Quelques semaines plus tard, le 9 mai, la femme de Momodou, Kaddy, s’est rendue au tribunal pour essayer d’apercevoir son mari pendant son procès. Alors qu’elle rentrait chez elle, Kaddy et des dizaines d’autres personnes ont été arrêtées par l’unité d’intervention de la police. Elle a été rouée de coups et placée en détention. Des membres de sa famille lui ont apporté Aisha dans sa cellule, où elles ont toutes deux été détenues pendant 10 jours, jusqu’à ce que des juristes de l’Association des avocates se rendent au tribunal et obtiennent une mise en liberté sous caution, permettant à Kaddy et à sa petite fille d’être relâchées.

En juillet, Momodou et 29 autres personnes, notamment Ousainou Darboe, dirigeant de l’UDP, ont été condamnés à trois ans d’emprisonnement pour diverses charges liées à la tenue d’une manifestation illégale.

Le procès de Kaddy n’est pas encore terminé. Aisha l’accompagne au tribunal, où elle gazouille sous les yeux des policiers pendant que les avocats défendent la cause de sa mère.

Ces affaires sont relativement connues, puisqu’elles sont liées à des membres de premier plan de l’opposition, mais de nombreuses familles de « disparus » en Gambie n’ont aucune nouvelle de leurs proches. Sous le président sortant, Yahya Jammeh, un climat de peur a été entretenu en Gambie pendant des années par le biais d’arrestations et de détentions arbitraires régulières, ainsi que par le recours systématique à la torture. On ne savait jamais qui serait arrêté, quand, ni pour quelles raisons.

Il y a quelques mois, j’ai interviewé les membres de la famille de trois imams dont on est sans nouvelles depuis octobre 2015. Ces proches ont reçu des informations non officielles selon lesquelles les trois hommes pourraient être incarcérés dans la prison de Janjanbureh, mais ils n’ont aucun contact avec eux. On ignore les motifs de leur arrestation, même si leurs proches pensent qu’elle pourrait être liée à une demande que les imams ont adressée au président Jammeh pour solliciter la libération de riziculteurs qui avaient été placés en détention.

Pendant que je réalisais ces entretiens, je me suis surprise à regarder autour de moi, à m’assurer que personne ne nous écoutait, que nous n’avions pas été suivis. Cela pourrait passer pour de la paranoïa, mais c’est ainsi que les gens vivaient dans la Gambie de Yahya Jammeh, où l’Agence nationale de renseignement (NIA) arrêtait régulièrement des personnes qui étaient perçues comme des adversaires du régime ou qui le dénonçaient ouvertement.

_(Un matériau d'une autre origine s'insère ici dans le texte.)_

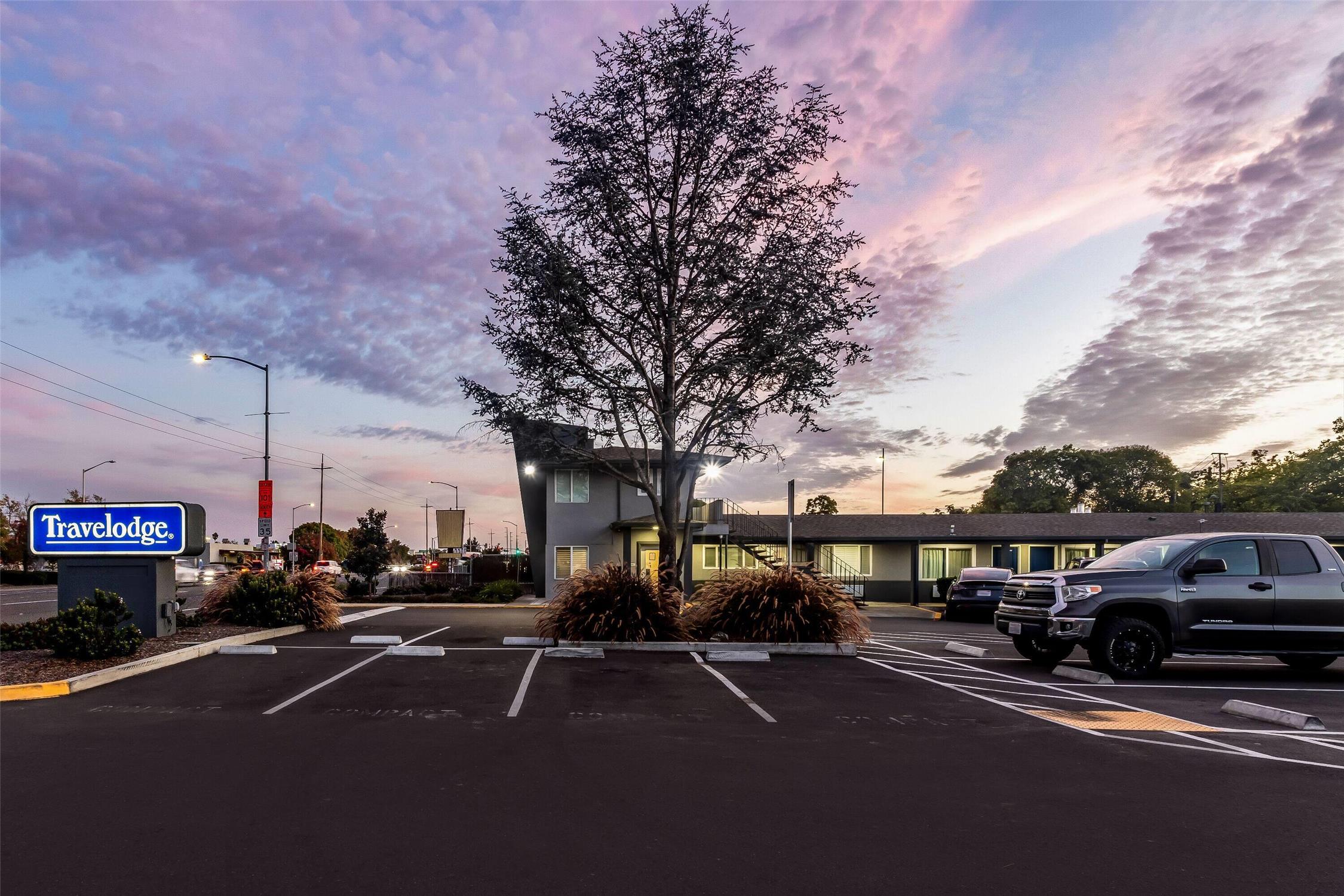 Travelodge By Wyndham Santa Rosa Wine Country 6/17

« On ne sait pas à qui on peut faire confiance », m’a dit un militant de la société civile. « Impossible de se fier à sa femme de ménage, au vendeur de recharges téléphoniques – n’importe qui peut être un informateur. »
Un autre militant m’a dit : « C’est parce que Yahya Jammeh a réussi à nous rendre craintifs et méfiants les uns envers les autres qu’il est resté si longtemps au pouvoir ».

Même les membres du gouvernement n’étaient pas à l’abri et pouvaient se faire embarquer par les forces de sécurité. Une parente de l’ancien ministre adjoint de l’Agriculture, Ousman Jammeh (sans lien de parenté avec le président), a raconté en pleurant qu’il était parti travailler un jour d’octobre 2015 et qu’il n’était jamais revenu. Selon certaines rumeurs, il est incarcéré à la prison Mile 2, à Banjul, tristement célèbre pour ses terribles conditions de détention, mais aucune information officielle n’a été communiquée et aucune charge n’a été retenue contre lui. Sa famille ne comprend pas pourquoi il a été arrêté et vit chaque jour dans l’attente de la moindre information.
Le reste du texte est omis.